Artist recreates Northwestern sunrise, sunset inside Dittmar Gallery

Artist+Jason+Paradis+%E2%80%9CNight+for+Day%E2%80%9D+exhibit+features+a+carefully+constructed+version+of+the+sky+as+seen+from+Evanston.

Portrait by Sean Su/Daily Senior Staffer

Artist Jason Paradis’ “Night for Day” exhibit features a carefully constructed version of the sky as seen from Evanston.

Alice Yin, Development Editor

The Dittmar Gallery room will be transformed into a Northwestern-personalized map of the evening sky, complete with rocks from around campus.

Called the “Night for Day” exhibit, the art installation will open Friday and be featured until Feb. 8. Jason Paradis, a New York-based artist and university professor, will attend an opening reception tomorrow evening.

This installation is uniquely made for NU. Paradis used a computer program to plot the position of the stars during Friday’s sunrise and sunset. He set the location to a viewpoint above Dittmar Gallery and crafted 16 paintings to be placed around the room.

“I’ve been interested in nautical twilight lately,” Paradis said. “That sort of moment when the sun is on the horizon … that moment between night and day … I thought that was an interesting juxtaposition.”

A pile of rocks, which was directly taken from NU’s construction sites and old buildings, will rest in the center of the room, connected with yarn to stars in the paintings on the wall. Paradis said the direction of yarn represents rays of light from the stars hitting the rock pile — or light spilling out of the rocks and into the paintings, depending on the visitor’s interpretation.

“It shifts as you walk around it, encouraging people to walk in and around and under the strings,” Paradis said. “There’s this sense that nothing is the same.”

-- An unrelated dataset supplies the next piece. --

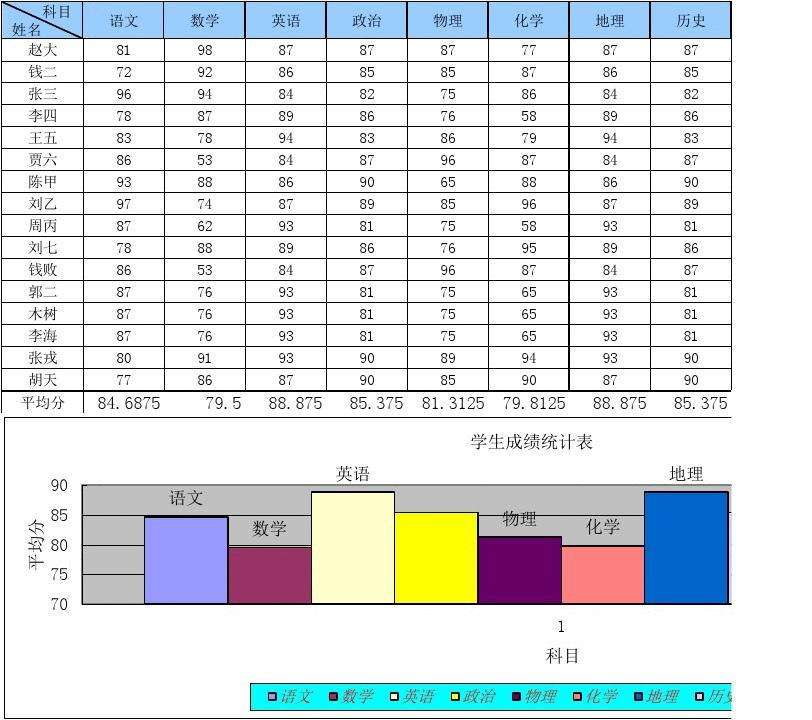 计算机专业部技能展示暨期末技能考核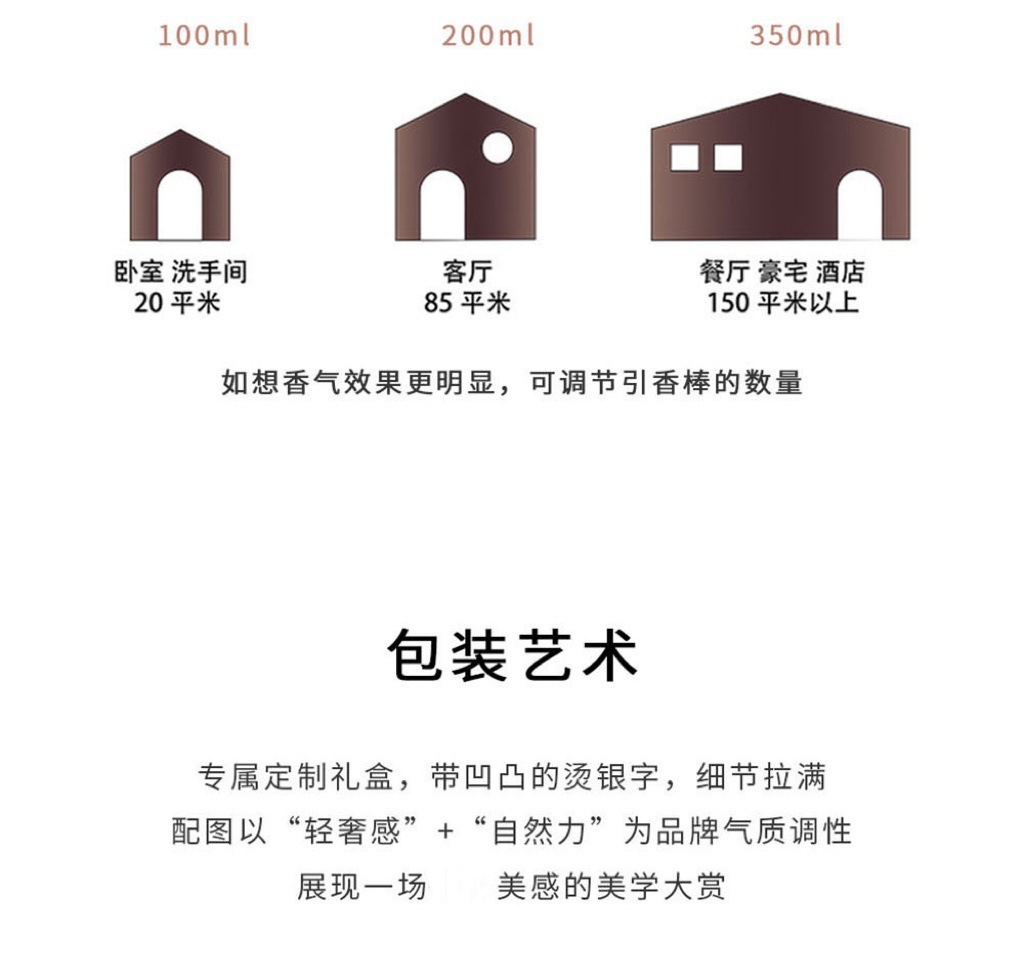 JULYWIND香薰礼盒轻奢无火香薰摆件生日礼物空气清洗剂家居摆件详情35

The setting also evokes an ominous feeling, Paradis said. Like the lone hiker at dusk, visitors should also have sense of mystery when they walk inside the collection.

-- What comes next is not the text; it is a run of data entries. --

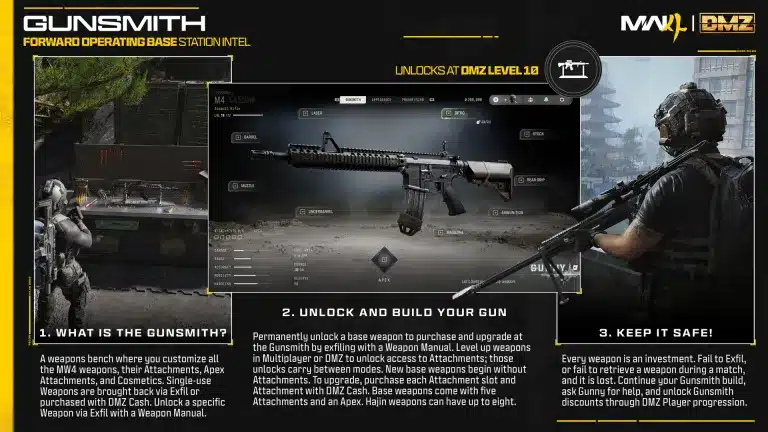 Modern warfare 4 dmz: come sbloccare le armi con i manuali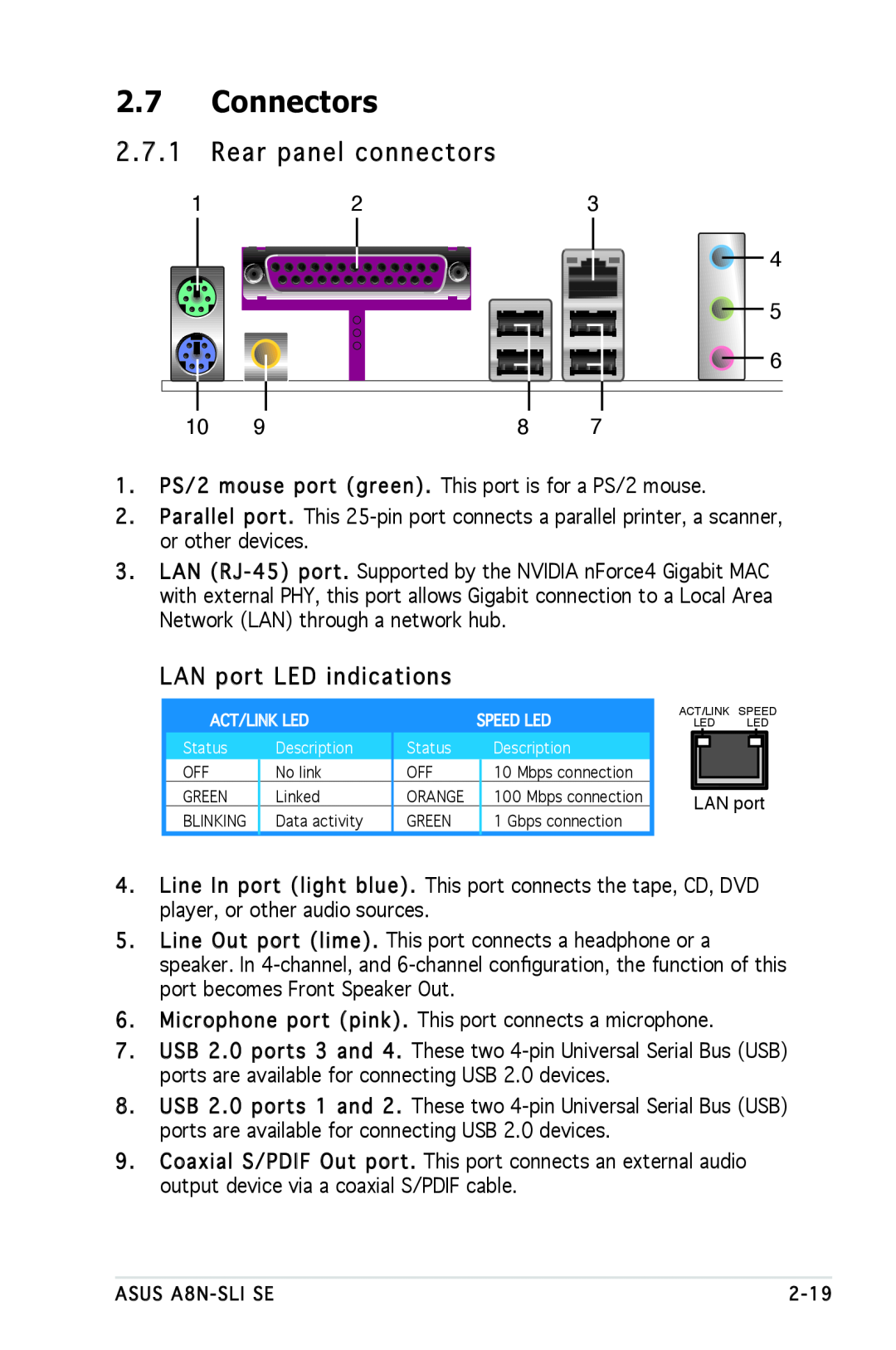Asus A8N-SLI SE manual Connectors, Rear panel connectors, LAN port LED indications 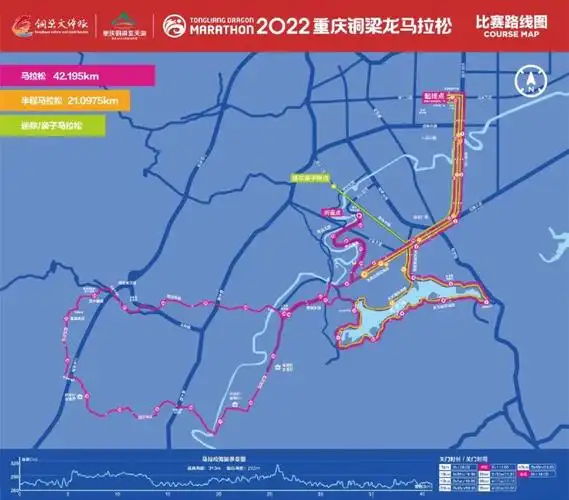 这两场重庆人马拉松来了_腾讯新闻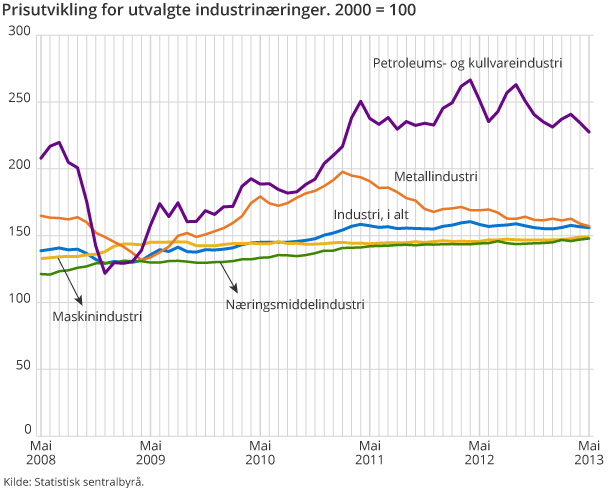 Prisutvikling for utvalgte industrinæringer. 2000 = 100 Prisutvikling for utvalgte industrinæringer. 2000 = 100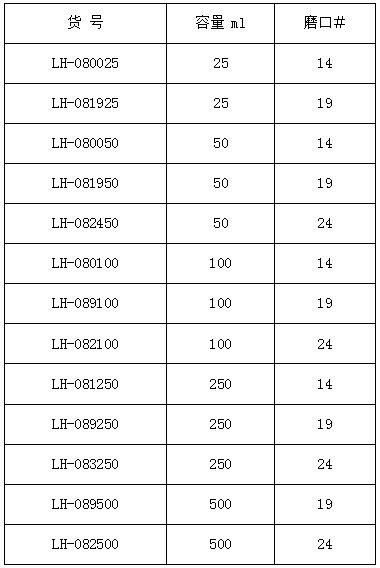 带胶帽具温度计套管圆底烧瓶,联华,50ml 磨口14 LH-080050（厚壁）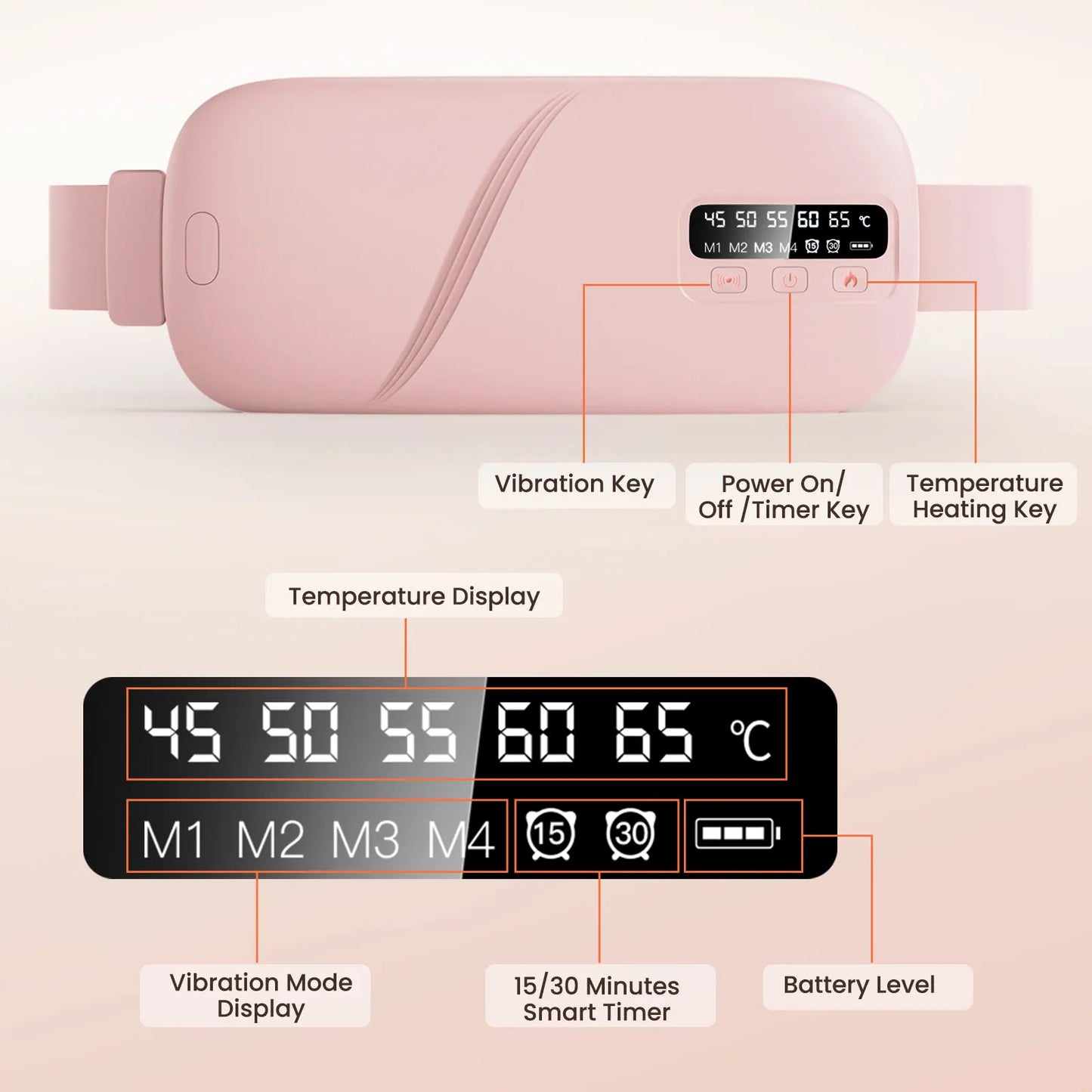 Cramp Relief Heating Belt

Paradis, who does a lot of camping, wanted his installation to emulate the atmosphere of sitting under the stars by a fire. His paintings, which are an assortment of blue washes with stars and lines painted over, depict the shifting sky during sunrise and sunset. The pile of rocks represents something man-made — a campfire pit or a burial mound, for example.

“You feel like this small person,” Paradis said. “I guess part of it is I want people to contemplate what it is that they end up doing when looking up at the stars.”

For the color scheme, Paradis used shades of cobalt and navy as the lightening and darkening sky. The canvases are built on multiple layers as a mock imitation of nature. Paradis said this color selection includes colors that everyone associates with the sky, but that they are still just representations.

“We say the sky is blue but it’s not,” Paradis said. “It’s gray, it’s all these other colors.”

Paradis arrived on Wednesday to begin setting up. It is his first exhibition featured in the Chicago area. He has been working on the design and paintings of this installation for the past six months.

SESP junior Darien Wendell, who serves as Dittmar’s curator and coordinator, assisted Paradis with setting up the installation. She said his localizing the work to Dittmar’s location is a unique concept that she hasn’t seen before while working with the gallery, and she thinks students will love the display.

“People are going to have their socks knocked off,” Wendell said. “It was really beautiful and intricate — seeing how he took kind of the ethereal sky and brought it down and made it material.”